Run storage
The on-disk shape of a run — a single JSON file under `evaluar/results/` per run.
Every run that completes — whether triggered from evaluar eval_file.py, evaluar test, python eval_file.py, or EvaluarSuite.run(save=True) — writes one JSON file. Where it lands and what's in it is documented here.
Where runs live
By default: evaluar/results/<run_id>.json (a project-relative path, not a user-home path).
Override with --results-dir on any CLI command, or by passing results_dir= to suite(...) in Python:
evaluar eval_layout_detector.py --results-dir /tmp/runs
evaluar report show <run_id> --results-dir /tmp/runs
evaluar report list --results-dir /tmp/runs
evaluar report export <run_id> --results-dir /tmp/runs --out run.jsonfrom evaluar.api import suite
s = suite(sample_ids=[...], results_dir="/tmp/runs")Run storage is intentionally compact: a run is one file, not a directory tree.
File layout
The JSON is the serialized form of RunnerResult (src/evaluar/pipelines/runner.py). Top-level keys:
{
"run_id": "run_2026-05-07_14-22",
"elapsed_seconds": 42.5,
"failed_pipelines": [],
"rollup_scorecard": { /* RollupScorecard */ },
"pipeline_results": {
"<model_id>": { /* PipelineResult */ }
},
"metadata": { /* suite metadata snapshot */ }
}rollup_scorecard
The headline verdict for the run.
{
"run_id": "...",
"model_id": "<rollup>",
"task_type": "rollup",
"metrics": { "pass_rate": 0.83, ... },
"thresholds": { "pass_rate": { "pass_floor": 0.80, "warn_floor": 0.60 } },
"verdict": "pass",
"errors": [],
"artifacts": {}
}pipeline_results
One entry per pipeline added to the suite.
{
"<model_id>": {
"run_id": "...",
"elapsed_seconds": 12.3,
"failed_samples": [],
"final_scorecard": { /* same shape as rollup_scorecard, scoped to this pipeline */ },
"per_sample_scorecards": [
{
"sample_id": "...",
"metrics": { "map": 0.72, ... },
"thresholds": { ... },
"verdict": "pass",
"errors": [],
"artifacts": {}
}
]
}
}per_sample_scorecards is what the failure inspector and bbox editor read.
metadata
Suite metadata snapshot, written by EvaluarSuite.metadata():
{
"source": "CLI", // or "API"
"suite_name": "my_eval",
"definition_path": "eval_layout_detector.py",
"sample_ids": ["sample_001", "sample_002"],
"pipeline_ids": ["my_model"]
}This is the same metadata the e2e test asserts on (tests/e2e/test_code_first_detection_spike.py).
Run ids
If you don't pin a run id with PipelineBuilder.run_id(...) or suite(run_id=...), the runner generates one in the form run_<timestamp>_<short>. Run ids are stable identifiers — the same one round-trips through evaluar report show <run_id>, the JSON filename, and the run metadata.
TUI preferences
The TUI writes preferences to a separate .evaluar/tui.yaml file next to the configured results root (src/evaluar/cli/project.py:TuiPreferences).
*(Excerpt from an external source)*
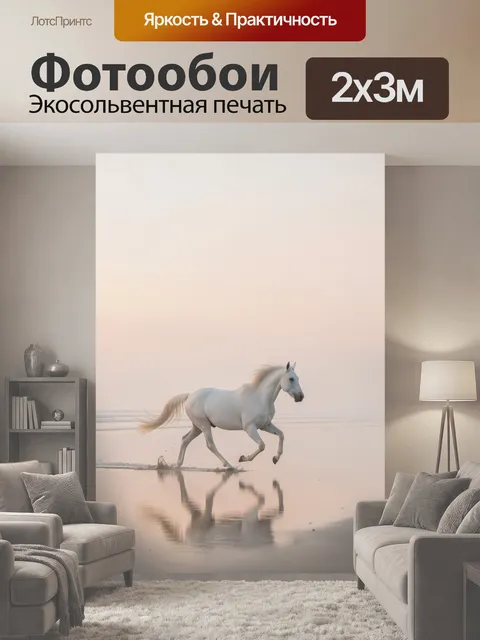 200 × 300 см · Экосольвентная печать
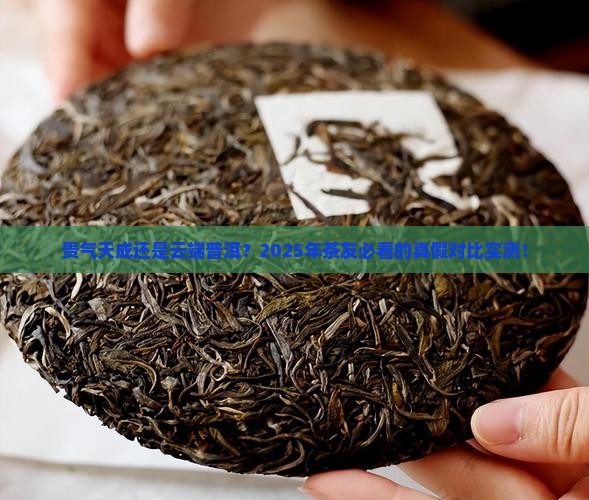 贵气天成对比云端普洱茶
For the default evaluar/results/ directory, that path is evaluar/.evaluar/tui.yaml. This file is not part of run storage and is safe to delete.
Working with saved runs
Saved runs are plain JSON. Use evaluar report export when you want a named output file for CI, review, or handoff:
# Full saved run
evaluar report export <run_id> --format json --out run.json
# Compact summary for CI or dashboards
evaluar report export <run_id> --format summary-json --out summary.json
# Flat scalar metrics for spreadsheets
evaluar report export <run_id> --format csv --out metrics.csv
# Markdown summary for review notes or CI artifacts
evaluar report export <run_id> --format markdown --out summary.md
# Zip bundle for handoff
evaluar report archive <run_id> --out run.zip
# Clean up saved runs
evaluar report delete <run_id> --yes
evaluar report clear --yes
evaluar report prune --keep 20 --yesStandard JSON tools still work directly on the result files:
jq .rollup_scorecard.verdict evaluar/results/run_*.jsonFor programmatic access, the Pydantic model that produced the file can also load it: RunnerResult.model_validate_json(path.read_text()).
Move / copy semantics
A run is fully self-contained in its JSON. Copying evaluar/results/<id>.json to another machine and pointing --results-dir at the destination is sufficient to open the run there.
The exception is anything the bbox editor needs (the source images themselves) — those are referenced by path in your manifest's inputs and need to be reachable independently. Run storage carries metrics, scorecards, and metadata, not source media.